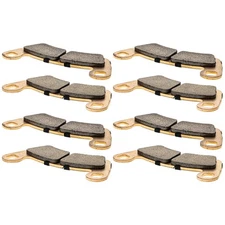 NICHE Brake Pad Set for Polaris 2021 RZR Pro XP Ultimate 2208161 Ceramic 4 Pack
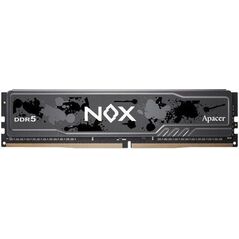 Pamięć Apacer NOX Gaming, DDR5, 32 GB, 6400MHz, CL40 (AH5U32G64C5529BAA-2)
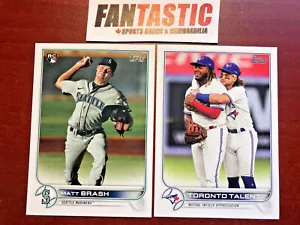 2022 Topps Series 2 Base Card YOU PICK #331 to 580 inc RC - Finish Your Team Set - Picture 1 of 2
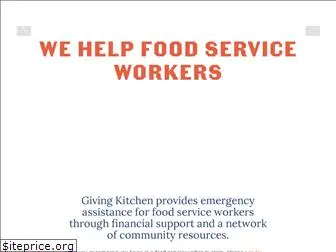 thegivingkitchen.org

▬▬▬▬▬▬

The reply must consist of the complete listing, reproduced exactly, with no images.

• **Response box**
 NICHE Brake Pad Set for Polaris 2021 RZR Pro XP Ultimate 2208161 Ceramic 4 Pack
 Pamięć Apacer NOX Gaming, DDR5, 32 GB, 6400MHz, CL40 (AH5U32G64C5529BAA-2)
 2022 Topps Series 2 Base Card YOU PICK #331 to 580 inc RC - Finish Your Team Set - Picture 1 of 2
 thegivingkitchen.org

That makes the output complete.